While the New York-based conglomerate owns a number of national companies - including CBS and the cable channels of the MTV Networks - it also holds a substantial local portion through its CBS owned and operated television stations and the 185 stations owned by Infinity Broadcasting.
For many quarters, Viacom has trumped its ability to capitalize on the national advertising market. Advertising grew 11% in the second quarter, including a 31% increase in cable, 9% in television and 9% for Viacom's outdoor business. Advertising sales rose 8% overall in the first six months of 2003, with a 25% jump in cable, 7% in television and 9% in outdoor.
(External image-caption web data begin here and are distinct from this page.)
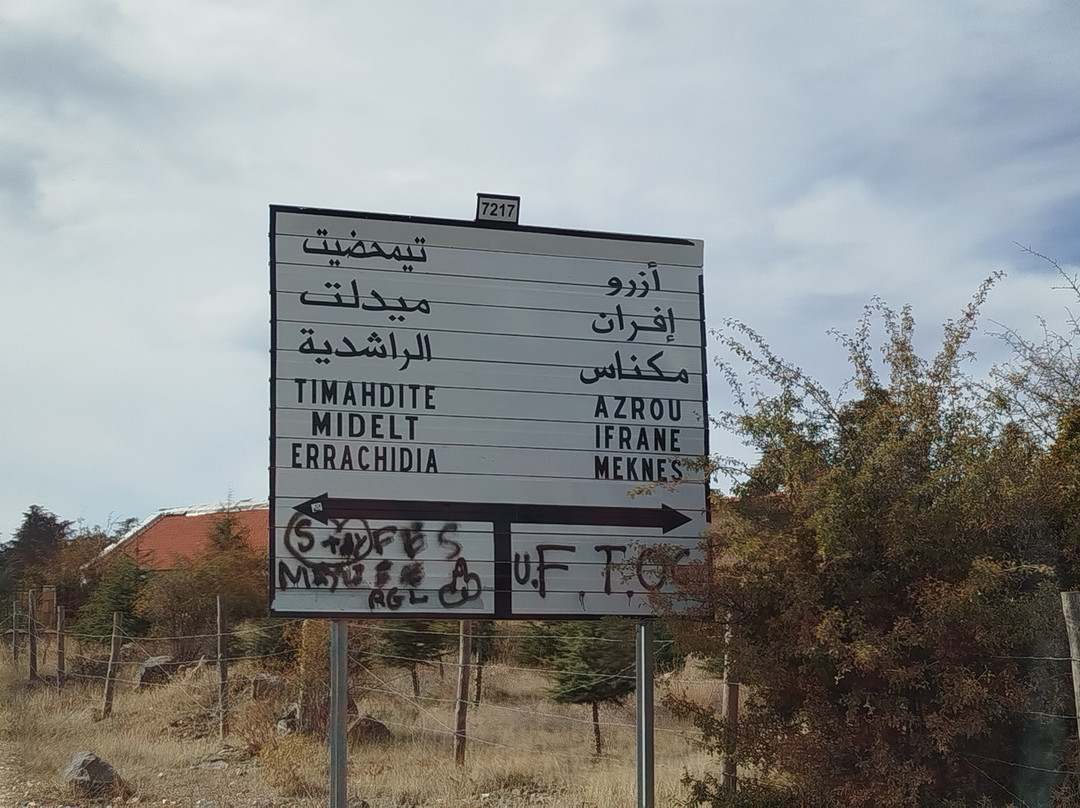 Azrou Cedar Forest-Azrou必去景点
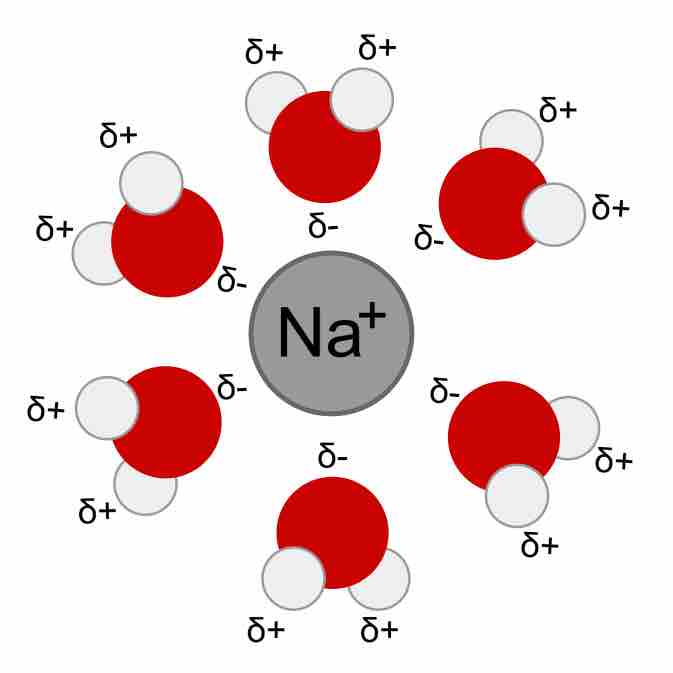 Hydrated Na<sup>+</sup>H<sub>2</sub>O cation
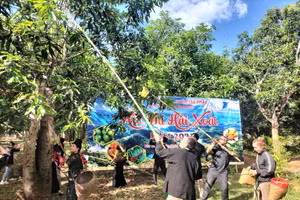 15 đội thi đến từ các xã trên địa bàn huyện Yên Châu tranh tài hái xoài.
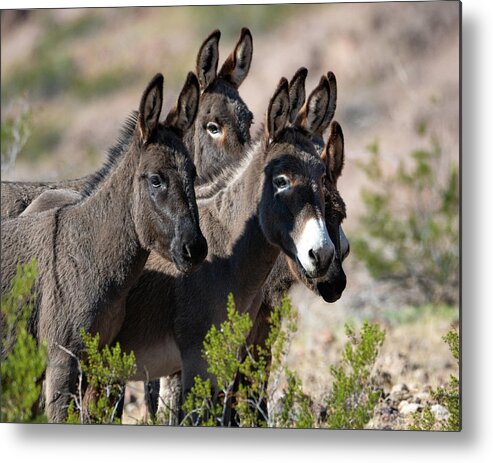 Wild Burros Metal Print featuring the photograph I'm All Ears by Mary Hone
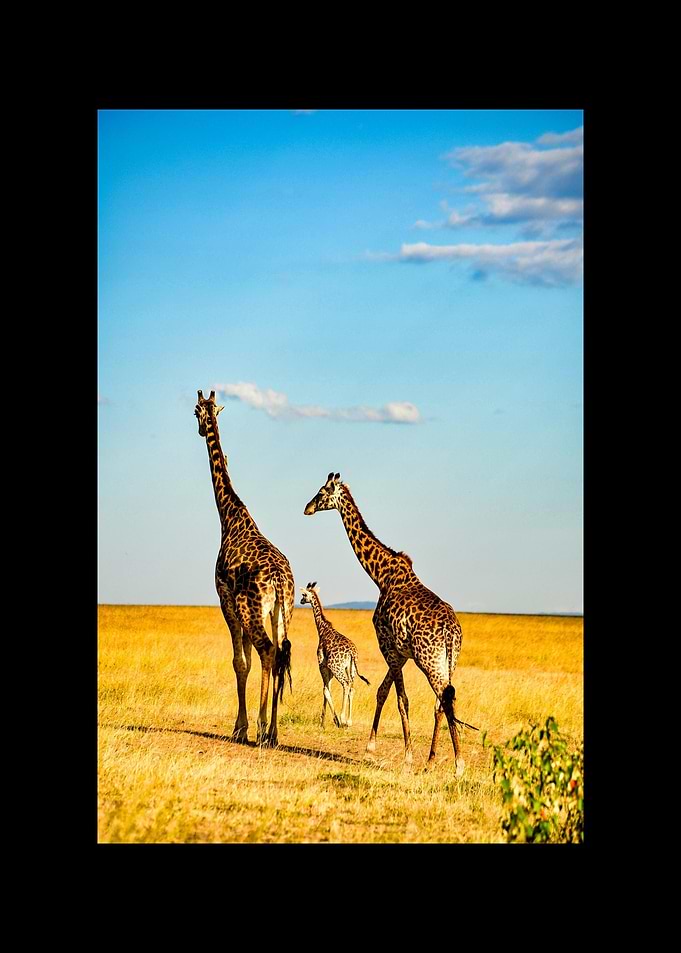 Giraffe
In August, Viacom said its owned-and-operated stations group saw advertising revenues increase 11% in the second quarter. Yet radio's revenues dropped 3% in the second quarter and 2% in the first six months of the year. It said the lower radio revenues were primarily due to low single-digit increases in spot rates.
On Wednesday, Viacom said its "robust" national advertising sales growth hadn't trickled down locally.
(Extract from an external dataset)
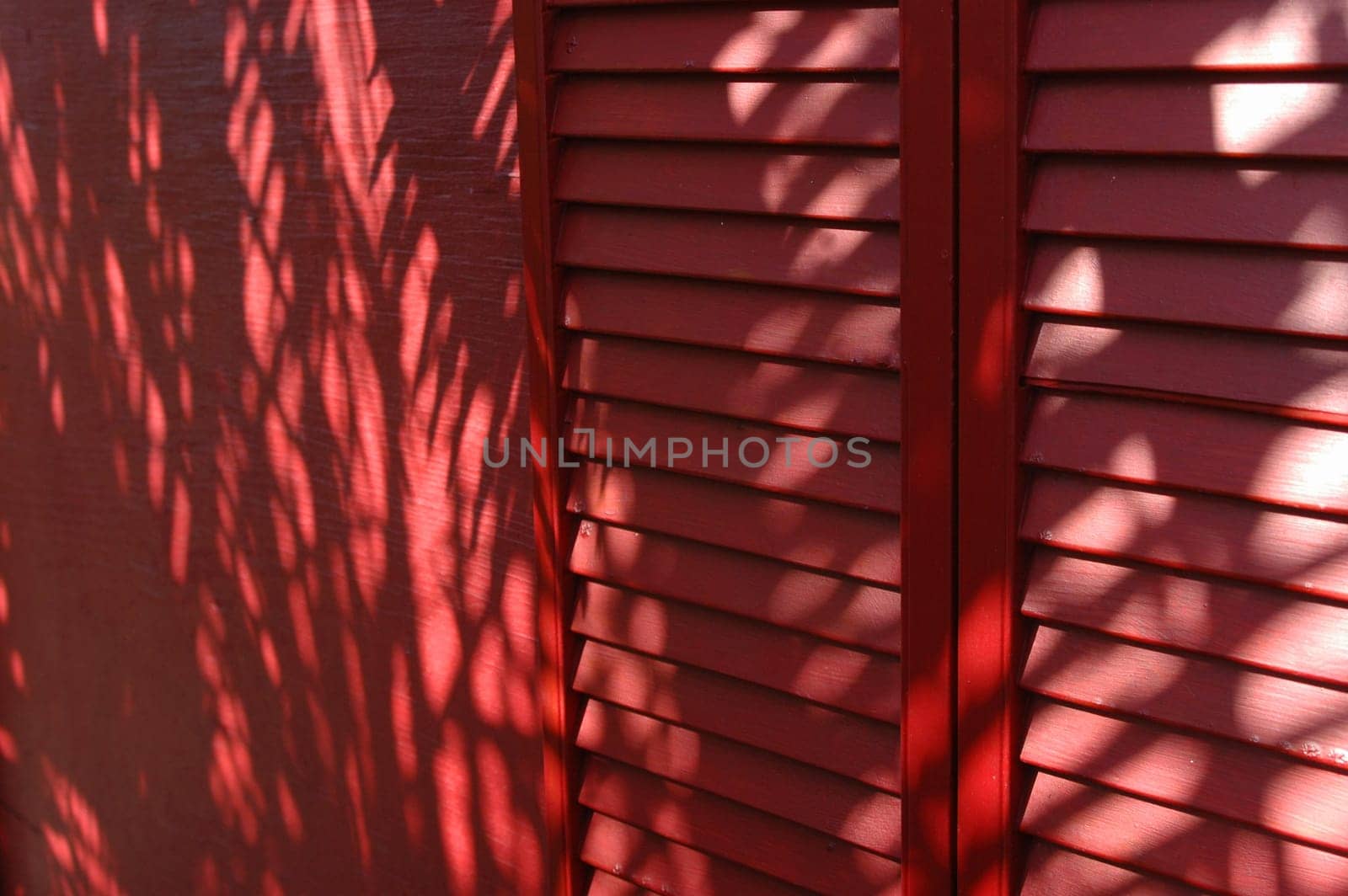 A deep red accordian door & wall with leaf sillhouettes.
"The pace of recovery in local advertising markets going into the fourth quarter is not as rapid as had been anticipated," Viacom said in a statement.
Revenues will still rise, with Viacom predicting they will be in the mid- to high-single-digit growth instead of the high single-digit-growth predicted earlier.
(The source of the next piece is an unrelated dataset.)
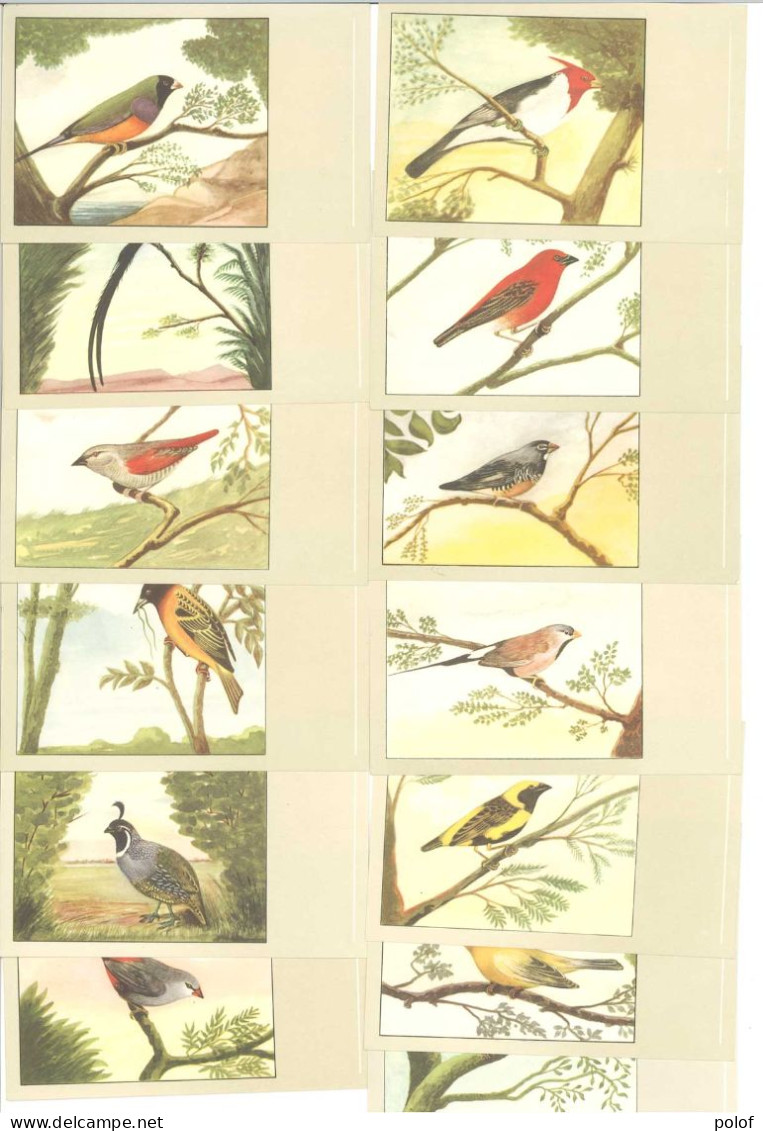 OISEAUX - P. Sluis - Lot De 13 Cartes (125381) - Oiseaux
Viacom took a hit on Wall Street during Wednesday trading, dropping 3.58% to close at $38.83, a six-month low.
But the news wasn't all bad. Viacom said that it still expected record growth in revenues, operating income, net earnings and earnings per share. And 2004 was looking god, too.
"The company is extremely well positioned to reap the benefits of an expected improvement in local advertising markets in 2004, driven by an improving economy, political advertising, and the Super Bowl on CBS," Viacom said.